The source SRC can in particular be controlled by the commands CMD_SRC sent by the locating device APP. Same can also be configured to provide the position POS_SRC to the device APP. Other embodiments are presented with reference to FIGS. 7 and 8, wherein the source SRC is not controlled by the device APP but rather by a user (e.g. a technician). The above may involve e.g. involve hammer blows struck by a user on the ground surface. Thereby, the stimuli can be generated manually (e.g. by a technician), or by an automatic source of stimuli.

Further embodiments can be contemplated, wherein the source SRC is apt to produce stimuli of different natures: acoustic vibrations, mechanical vibrations, and/or heat. The type of stimuli generated by the source SRC could thereby be selected based on the nature of the ground. As a result, the detection of the source SRC by the detection device DXS is improved, and thus contributes to locate with precision the optical fiber FBR.
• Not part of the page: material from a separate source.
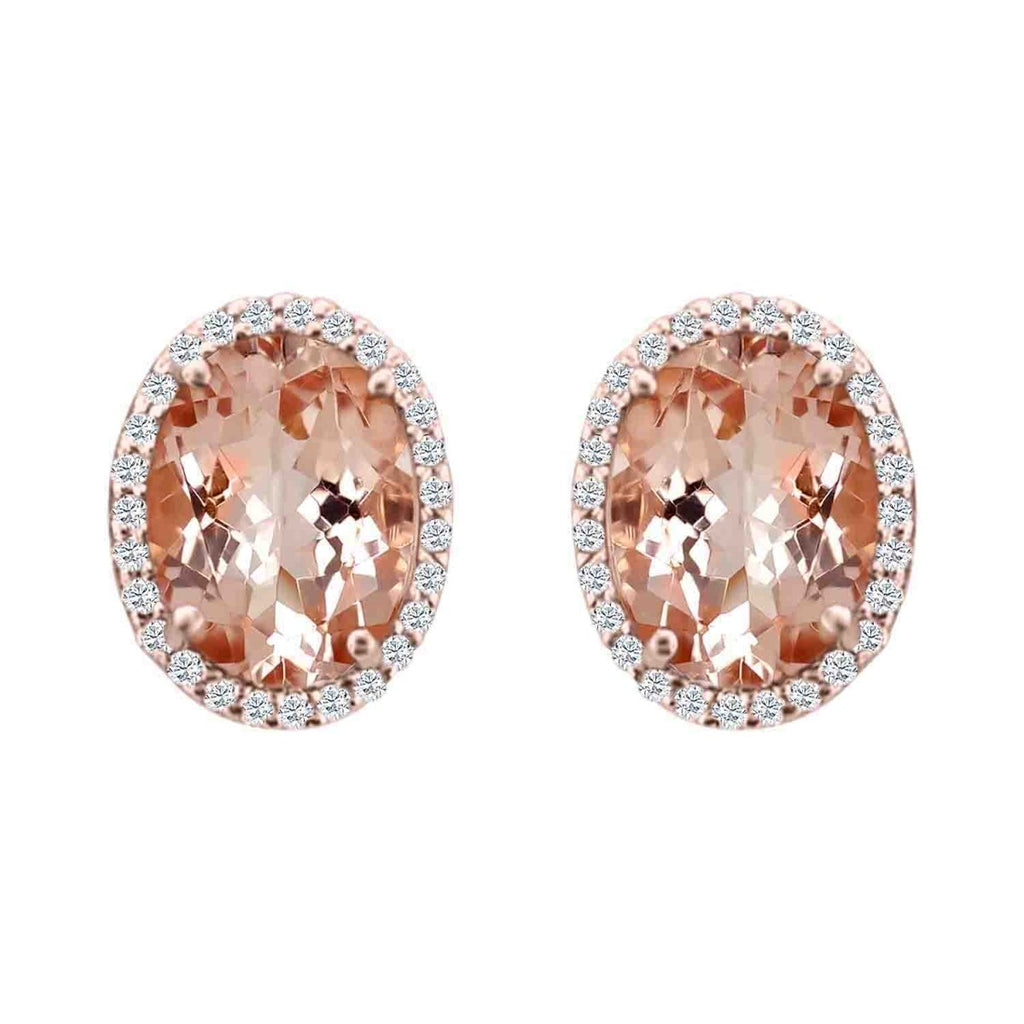Gabriel & Co Oval Morganite and Diamond Halo Stud Earrings in 14K Rose Gold (3.63ctw) - MJ Christensen Diamonds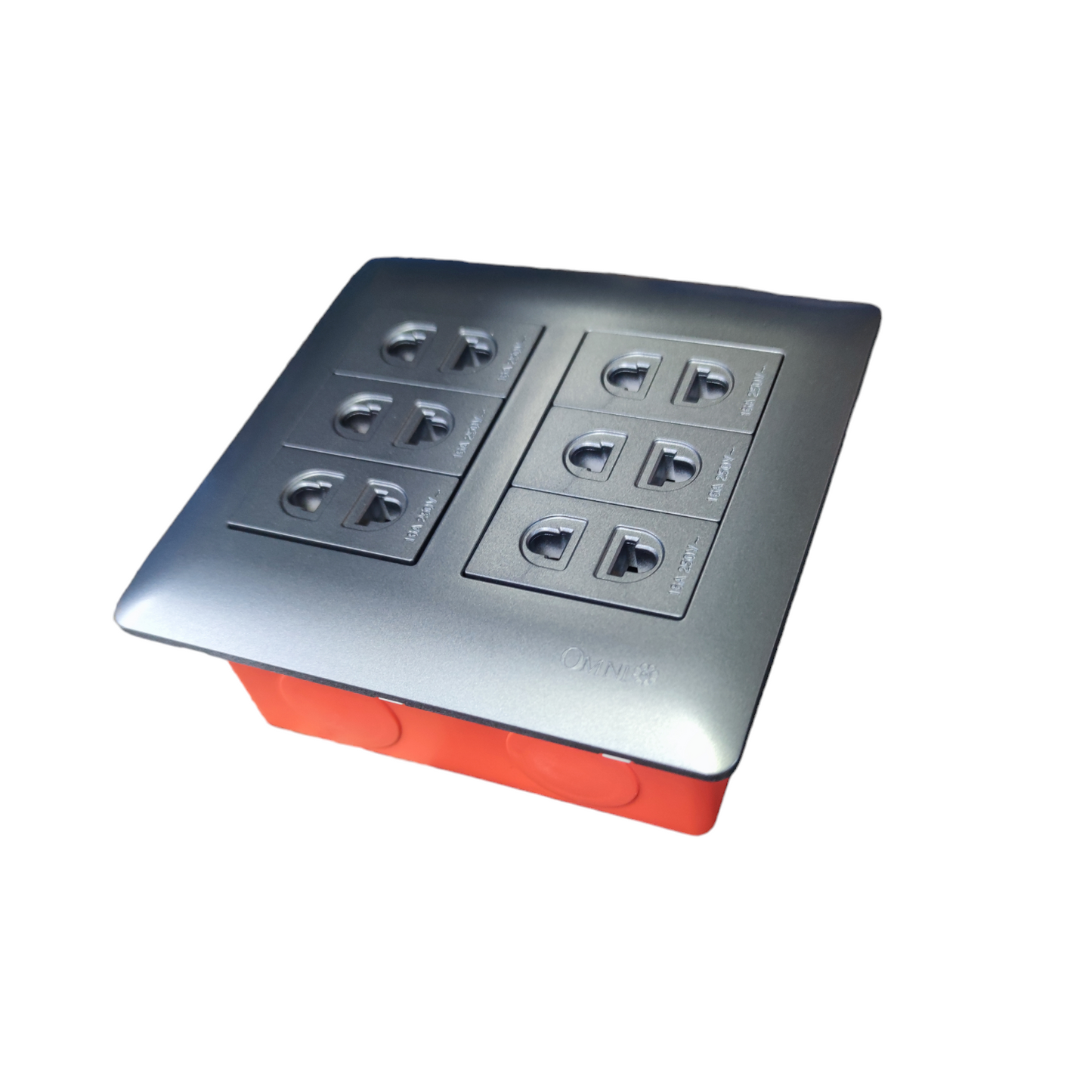 Omni 6 Gang Universal Outlet 16A 250V with metallic finish power socket panel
Furthermore, according to one embodiment, the source SRC generates stimuli using a code sequence (e.g. a reference sequence). For example, the source SRC may use a code sequence comprising a series of long and short stimuli. Such a code sequence is known in particular to the detection device DXS, which allows to improve the detection of the source SRC. Indeed, in a noisy environment (e.g. a road with vibrations generated by vehicles or nearby works), the use of a code sequence makes it easier to distinguish stimuli generated by the source SRC from noise or other disturbances. Thereby, the above allows to improve the detection of the source SRC and contributes to accurately locate the optical fiber FBR.

The detection device DXS is connected to one end of the optical fiber FBR (e.g. at an optical connection point). The device uses the optical fiber FBR as a continuous sensor to detect the source SRC.

The detection device DXS may be a distributed acoustic detection device or a distributed vibration detection device. The device could also be a distributed temperature detection device. More particularly, such devices use optical time reflectometry techniques.

The device DXS sends light pulses into the optical fiber FBR and performs optical measurements at the output of the fiber. In this way, by measuring the characteristics of the reflected light (e.g. amplitude, phase, or other optical parameters), the device DXS can detect the deformations DEF of the optical fiber FBR induced by the source SRC.

The detection device DXS is thereby configured to provide a detection level DET_LVL of the source SRC for a given position POS_SRC of the source. The detection level DEL_LVL characterizes a deformation level DEF of the fiber FBR, and thus characterizes the distance between the source SRC and the optical fiber FBR. The closer the source SRC is to the fiber FBR, the greater the induced deformations DEF, and the higher the detection level DET_LVL.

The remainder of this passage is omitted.